2. Description of the Prior Art
Trench isolation techniques such as shallow trench isolation (STI) processes are known in the art. Generally, to form an STI isolation region on a substrate, a recess is first etched into the substrate, and then filled with an insulating dielectric film, which is typically a CVD silicon oxide film. Subsequently, a chemical mechanical polishing (CMP) process is carried out to provide a planar surface.

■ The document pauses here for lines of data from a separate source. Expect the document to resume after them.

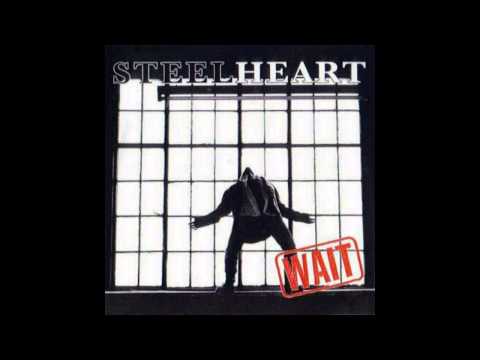 Steelheart — Steelheart - Wait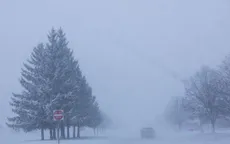 Bão mùa đông càn quét nước Mỹ, hơn 9.000 chuyến bay bị hủy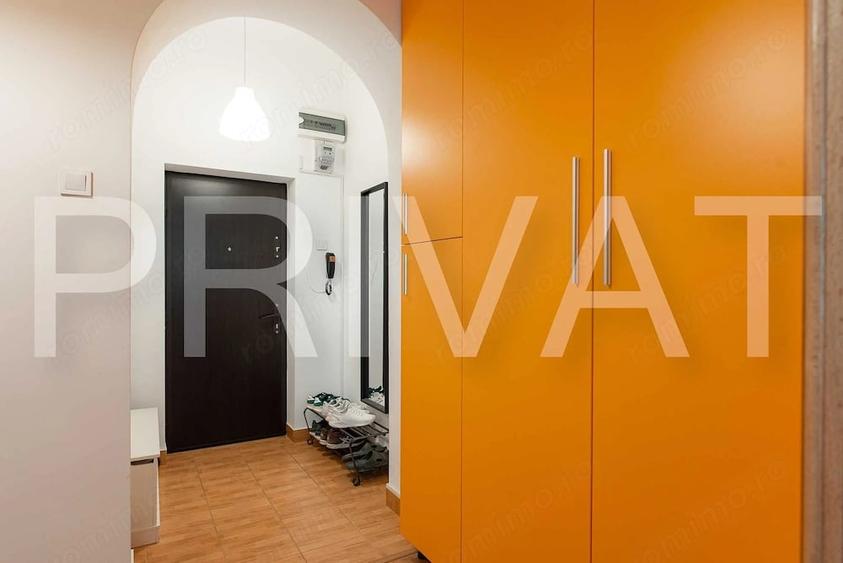 Vanzare Apartament Bd. Basarabia 2 camere Bloc Rusesc Arena Nationala - 4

As the critical dimension of the integrated circuit devices shrinks to very deep sub-micron scale or beyond, it becomes more and more critical to fabricate reliable and effective device isolation in the art. However, conventional CVD methods have no longer provided satisfactory step coverage when dealing with high aspect ratio trenches, which are typically encountered in the fabrication of advanced integrated circuits. To overcome this, ozone-assisted sub-atmospheric pressure chemical vapor deposition (SACVD) techniques have been developed. Silicon oxide films employing the ozone-assisted SACVD techniques has superior gap filling ability that is particularly desirable for high aspect ratio trenches of limited trench dimension. After the SACVD film deposition, a high-temperature nitrogen anneal is performed to densify the deposited SACVD film. Typically, the densifying process is conducted in a furnace at a temperature no less than 1000° C.

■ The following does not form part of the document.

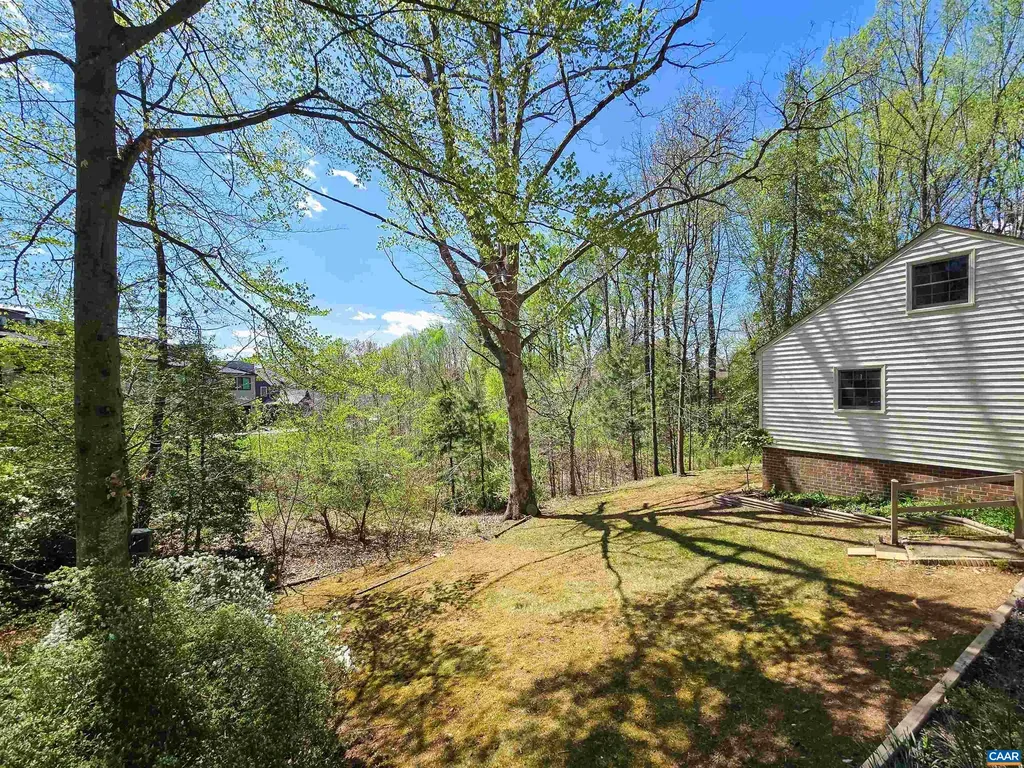 1129 Vegas Court Charlottesville VA 22901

However, the prior art SACVD techniques have several drawbacks when they are employed in the device isolation field. First, after the high-temperature anneal treatment, the deposited SACVD film is apt to shrink. For example, a shrinkage of about 7% has been observed after annealed at 1050° C. for 30 minutes. Besides, the film quality of the SACVD silicon oxide and its resistance to wet etchant are not high enough.
Another problem encountered when employing SACVD to form trench isolation regions is specifically depicted in FIG. 1. Since the SACVD film deposition is conformal and uniform along the sidewalls 22 of the trench 20, a seam defect 50 is left near the central line of the trench 20 when the trench is filled up. The seam defect 50 is concerned because it cannot be removed by mere high-temperature nitrogen anneal as mentioned supra, and because it is subject to corrosion or attacks by the wet etchant used in the subsequent wet cleaning procedures.
In light of the above, there is a need in this industry to provide an improved trench-fill process utilizing SACVD technique, which can produce a high-quality, seamless trench fill profile.